◆ EXERCISE BRIEF
What you copy should be the lines from the one with "Амортизирующий чехол для" through the end of the entries, word for word. Omit the pictures.

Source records
┌──
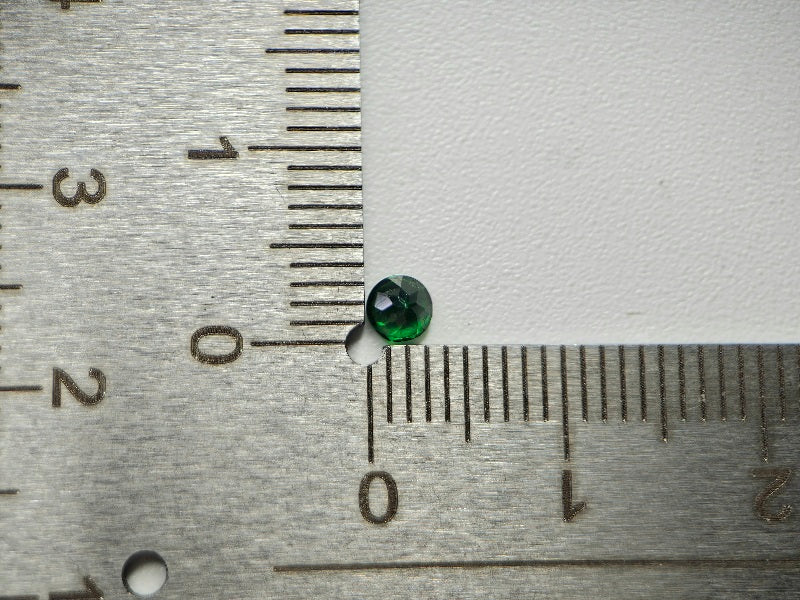 TSV-8　ツァボライト　0.22ct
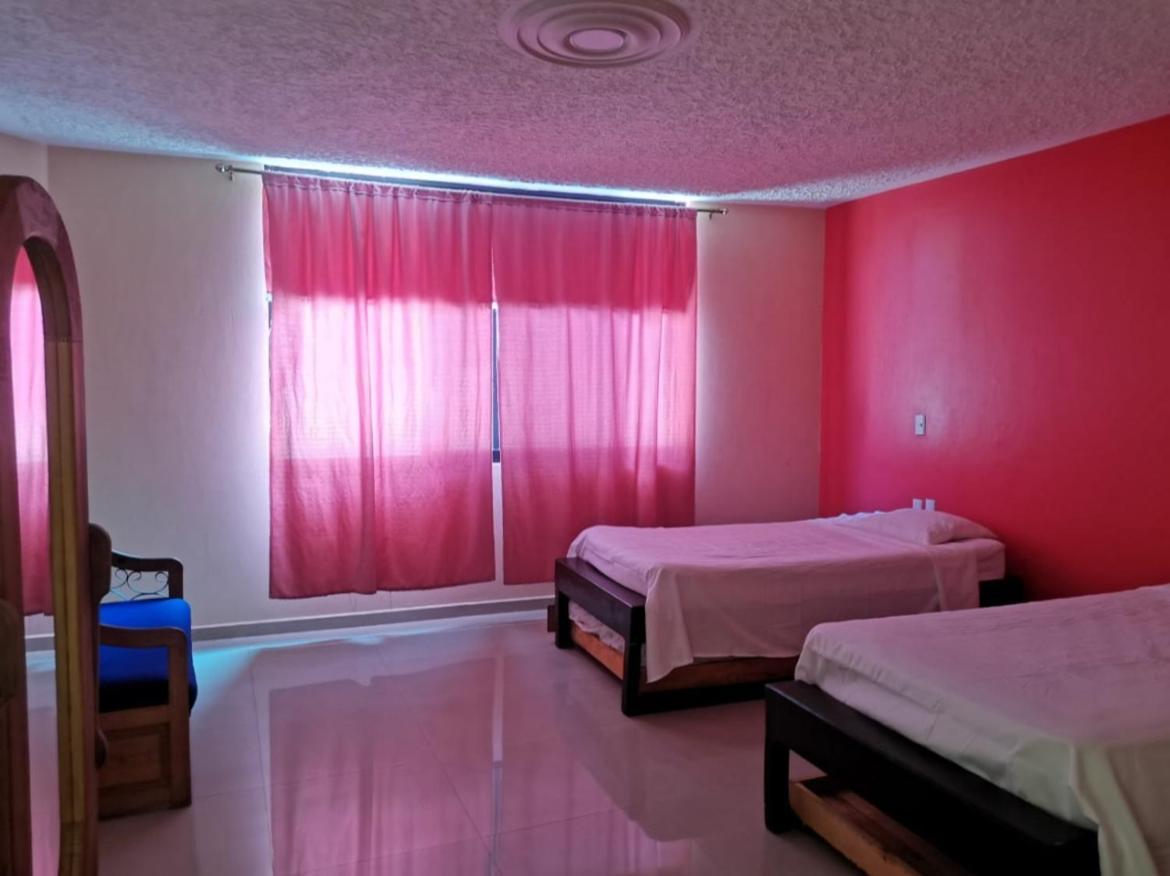 Beautiful Private House In The Downtown With 3 Floors Villa Tepatitlan de Morelos Ngoại thất bức ảnh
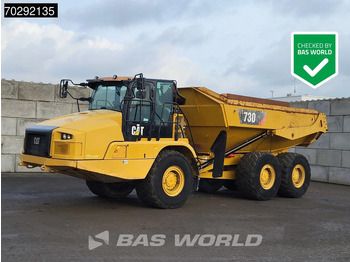 Dúmper articulado CATERPILLAR 730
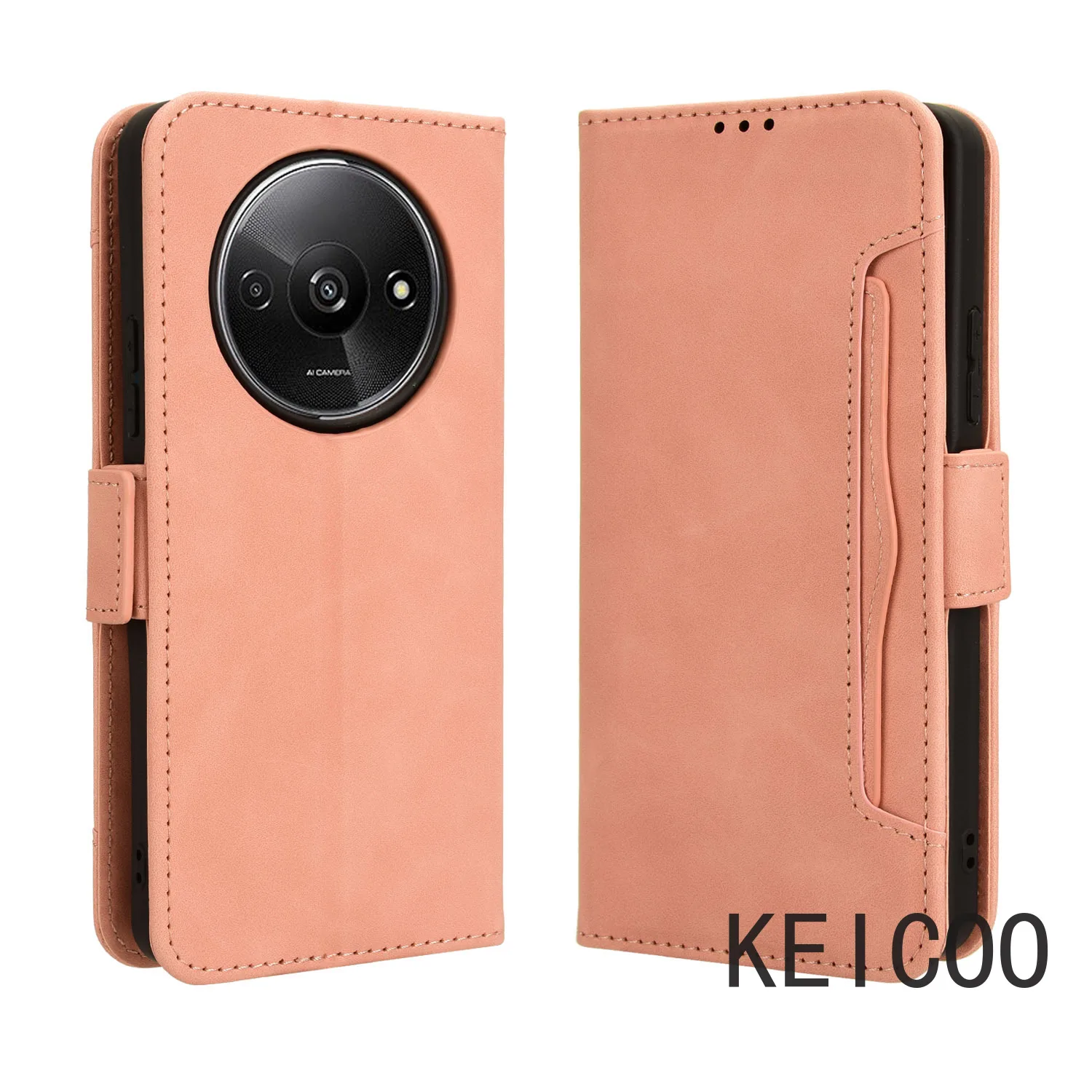 Амортизирующий чехол для Xiaomi Redmi A3 7 CC9e 9 SE чехол-кошелек с зажимом защита от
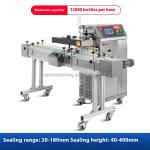 Automatic Air Cooling Induction Sealing Machine for Bottle Floor Type Continuous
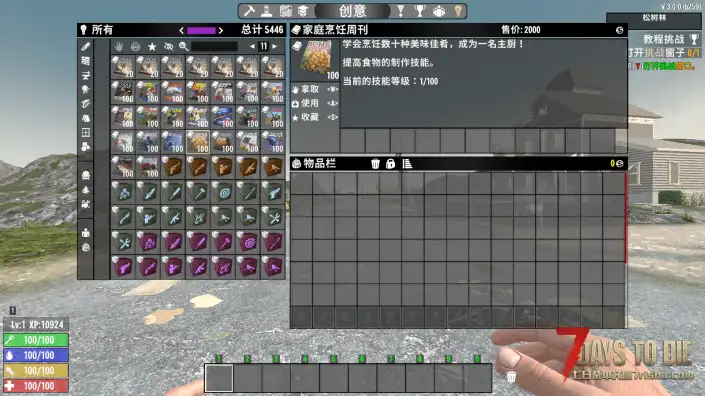 V3.0 在描述中显示技能等级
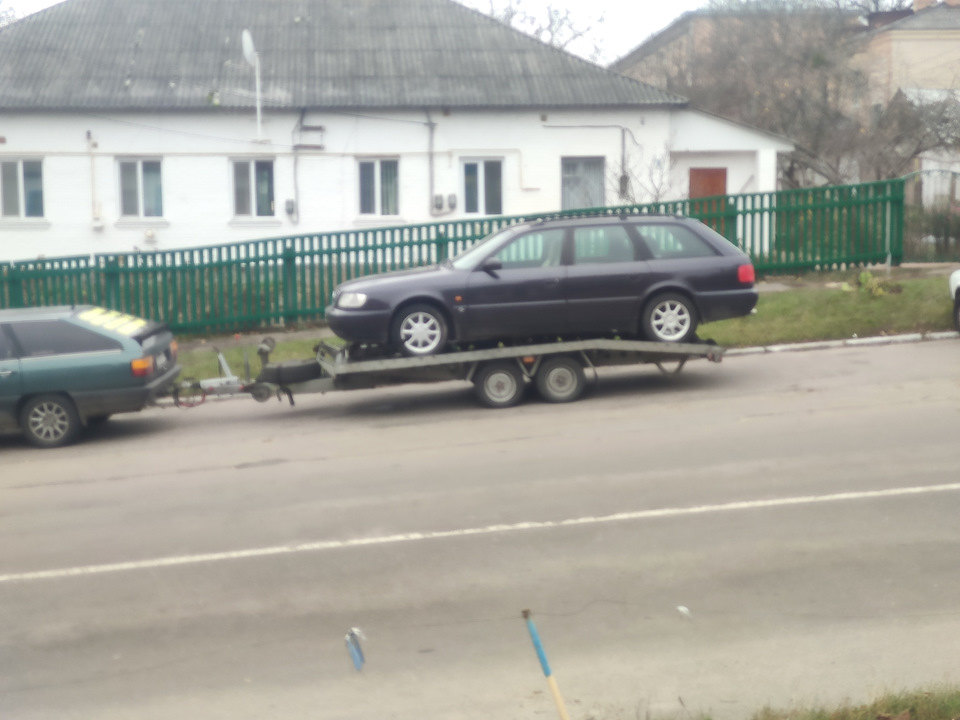 Audi a6c4 особиста машина, куплена за свої гроші) 1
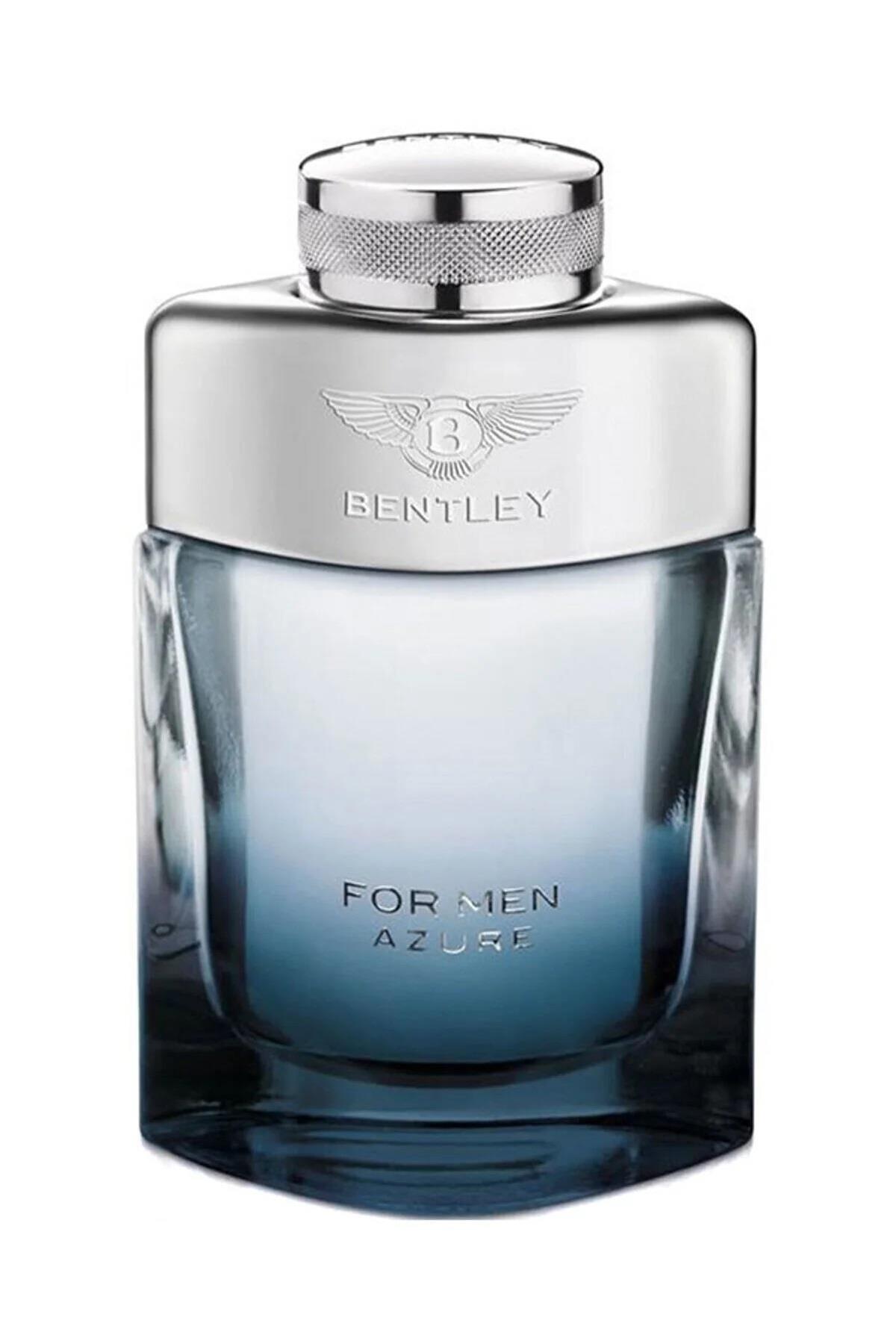 Bentley-For Men Azure Eau De Toilette, 100 ml 1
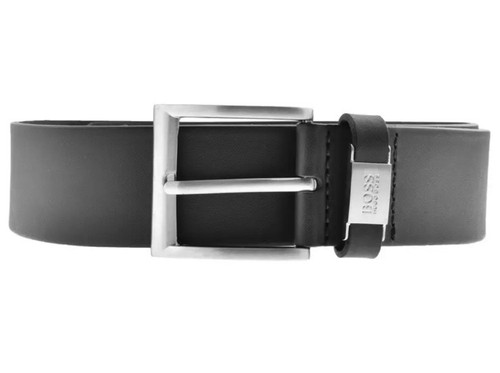 Cintura uomo hugo boss - boss, in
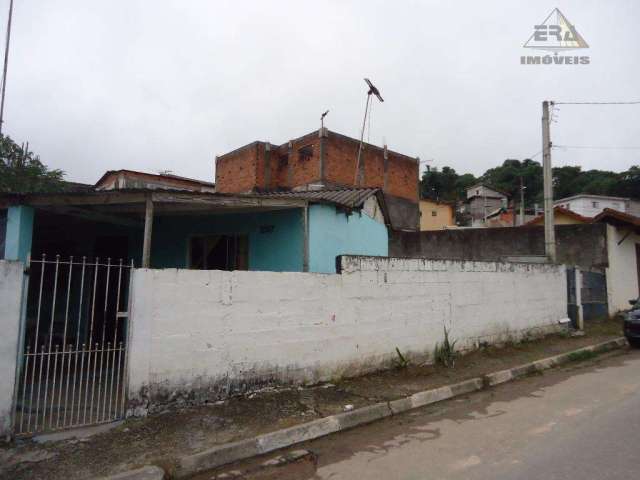 Casa residencial à venda, Limoeiro, Arujá.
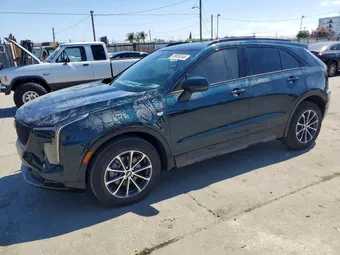 2025 Cadillac XT4 1GYFZER46SF159327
└──
◆ WRITTEN ANSWER
 Амортизирующий чехол для Xiaomi Redmi A3 7 CC9e 9 SE чехол-кошелек с зажимом защита от
 Automatic Air Cooling Induction Sealing Machine for Bottle Floor Type Continuous
 V3.0 在描述中显示技能等级
 Audi a6c4 особиста машина, куплена за свої гроші) 1
 Bentley-For Men Azure Eau De Toilette, 100 ml 1
 Cintura uomo hugo boss - boss, in
 Casa residencial à venda, Limoeiro, Arujá.
 2025 Cadillac XT4 1GYFZER46SF159327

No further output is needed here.